SUPPLIED ENTRIES:
[Start of Attachment]
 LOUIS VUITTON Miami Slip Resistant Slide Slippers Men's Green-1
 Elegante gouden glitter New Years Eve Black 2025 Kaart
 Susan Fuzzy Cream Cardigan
[End of Attachment]
[Start of Attachment]
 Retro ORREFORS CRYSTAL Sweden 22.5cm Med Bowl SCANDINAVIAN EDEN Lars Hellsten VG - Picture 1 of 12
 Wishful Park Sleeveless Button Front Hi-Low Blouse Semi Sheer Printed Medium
[End of Attachment]
[Start of Attachment]
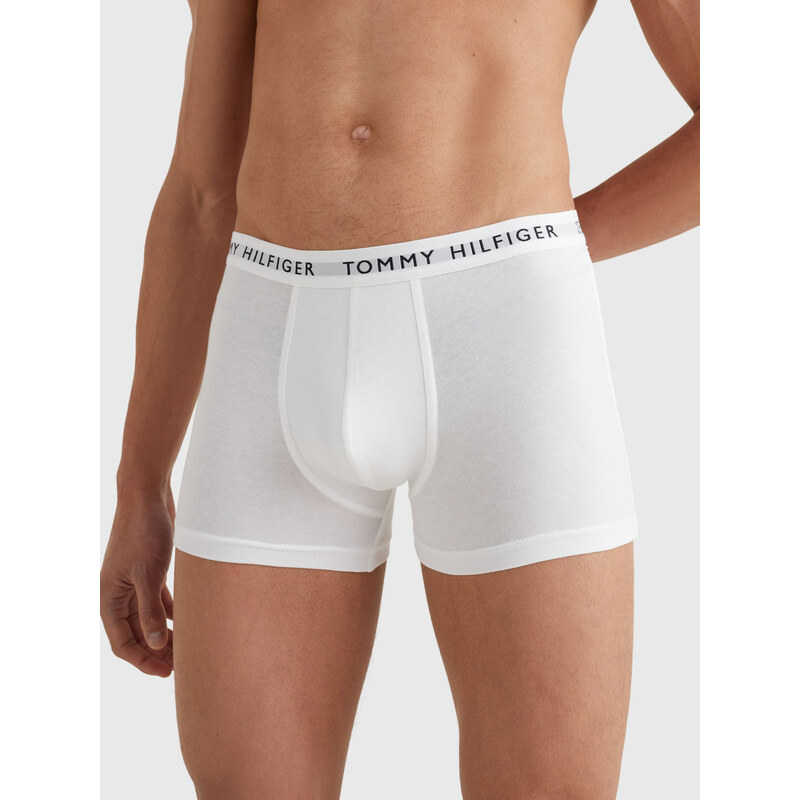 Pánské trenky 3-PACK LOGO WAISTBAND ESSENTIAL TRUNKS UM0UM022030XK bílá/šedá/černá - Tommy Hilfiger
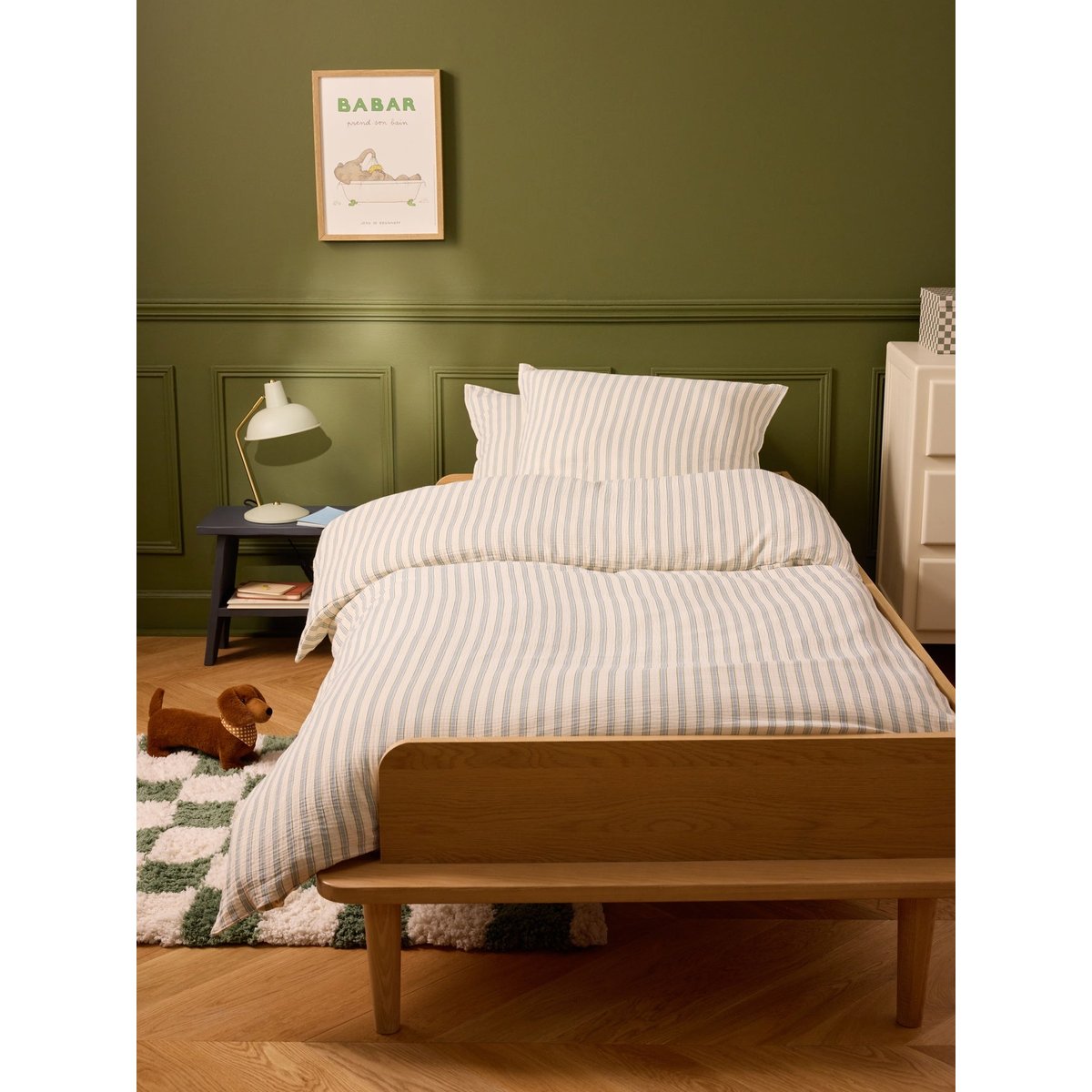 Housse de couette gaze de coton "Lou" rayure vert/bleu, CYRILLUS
[End of Attachment]
WORK TO COMPLETE: Above are the records; repeat exactly the lines from the one holding "Elegante gouden glitter" down to the one holding "Susan Fuzzy Cream Cardigan", end lines included.

RESPONSE TO THIS TASK:
 Elegante gouden glitter New Years Eve Black 2025 Kaart
 Susan Fuzzy Cream Cardigan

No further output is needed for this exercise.